その後、布施氏は、ベンダサン(というか山本 七平氏)の論を引き合いに、謎だらけの日本人論をぶち上げた。
以下、2011年1月9日分毎日jp『よみがえるイザヤ・ベンダサン』から序盤部分を(略

---- 以下引用 ----
(中略)
さてベンダサン氏によると、日本人のもう一つのキーワードは「台風一過」である。
日本人が忍耐と言う場合、それは「首をちぢめてじっと台風一過を待つこと」であっても、ユダヤ人のように「何千年でもつづく人災に対処するため、何代にもわたって重荷を負いつづける」ことではないという。

 これも正しい指摘だろう。
多くの日本人は尖閣諸島周辺での中国漁船衝突事件やロシア大統領の国後島訪問、北朝鮮の韓国領砲撃などに驚いても、やがて「のど元過ぎれば」で忘れるか、忘れたように暮らす。
日本人の関心は、放っておくと外交・安保から身近な生活関連事項に移りがちで、それが日本人のデフォルト(初期設定)のようにも思える。
だが、それでは長期的な対処を要する問題が解決しないのは言うまでもない。
(以下略)
---- 引用以上 ----

いやいや、何も「外交・安保から身近な生活関連事項に移りがち」なのは日本人に限らないだろうに。
逆に、布施氏に対して、自身が唱える日本人なのかどうか問い返したいわい。

が、布施氏の論説で本当に問題だったのは、「正真正銘の」ユダヤ人識者(布施氏談)ことベン・アミー・シロニー(Ben-Ami SHILLONY:בן-עמי שילוני)ヘブライ大学名誉教授の発言を引用した後の展開。
ここで、布施氏は、イスラエルへの憧れを示した上で、中国・ロシア・北朝鮮を敵視していた。
以下、2011年1月9日分毎日jp『よみがえるイザヤ・ベンダサン』から終盤部分を(略
ただし、SHILLONY 名誉教授の発言部分は斜め文字にした。

---- 以下引用 ----
(中略)
ユダヤ人はホロコースト、日本人は原爆投下。
ともに大きな悲劇を経験したが、第二次大戦後は正反対の道を歩いた。
ユダヤ人はイスラエルを建国し、「自分たちは弱すぎたから悲劇を味わった」と考えて外敵(アラブ諸国)に身構えた。
日本は逆に「軍事力への信頼が強すぎた」と反省して軽武装国家の道を選んだが、尖閣事件後は「自分たちは弱すぎる」と感じているかもしれない
--と。

 パレスチナを占領し、敵対国の核施設などを「防衛的先制攻撃」で破壊して安全を担保してきたイスラエルに対して、日本は「平和を愛する諸国民の公正と信義に信頼」して「安全と生存を保持しようと決意した」(憲法前文)国である。

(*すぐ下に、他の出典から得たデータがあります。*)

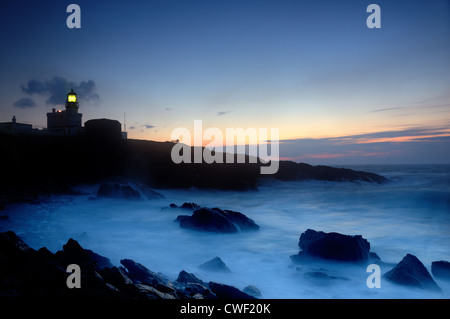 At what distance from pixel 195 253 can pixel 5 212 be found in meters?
6.96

 その日本も戦後65年にして考え込まざるをえない点に、今の国際情勢の危うさがあるように思える。
そもそも中国やロシア、北朝鮮を「平和を愛する諸国民」とみなしていいのか。
重大な疑問が平和立国・日本を立ちすくませる。
(以下略)
---- 引用以上 ----

SHILLONY 名誉教授の発言自体も結構問題なのだが、これを受けた布施氏の見解の方がもっと危険だわな。
布施氏は、日本政府に日本の周辺諸国を「敵」に回して欲しいんか?

確かに、イスラエルは、「自分たちは弱すぎたから悲劇を味わった」と考えて外敵(アラブ諸国)に身構えたわけだ。
しかし、その後イスラエルが辿った道はどうだったか?
繰り返し行われる戦争・侵攻、パレスチナの人達の大量殺害、イスラエル国内の非ユダヤ系の人達への抑圧的行動・・・。
およそ正気の沙汰じゃない。

どうも、布施氏の論説からは、日本にイスラエルと(悪いところだけ)同じような道を歩ませたい、という意思を感じてしまう俺。
つか、これも「イスラエルへの愛」って奴だろうか?


それにしても。
「日ユ同祖論」にしろ、「イスラエルへの愛」にしろ、両者のどちらかへの支持を示す人の根本には「選民思想」への憧れがあるんだろうか(苦笑)。


2011年2月11日追記:
20011年1月24日になって、田村 耕太郎氏は日経ビジネスオンライン上に件の記事をベースにした記事を(会員向けに)公開していた。
・「食糧自給率」より「稼ぐ農業」!(日経ビジネスオンライン)
・「食糧自給率」より「稼ぐ農業」!-イスラエル、オランダ型農業で日本農業を再生せよ-と言うが・・・(2011年1月27日 正しい食事を考える会;上記事の全文転載モノ)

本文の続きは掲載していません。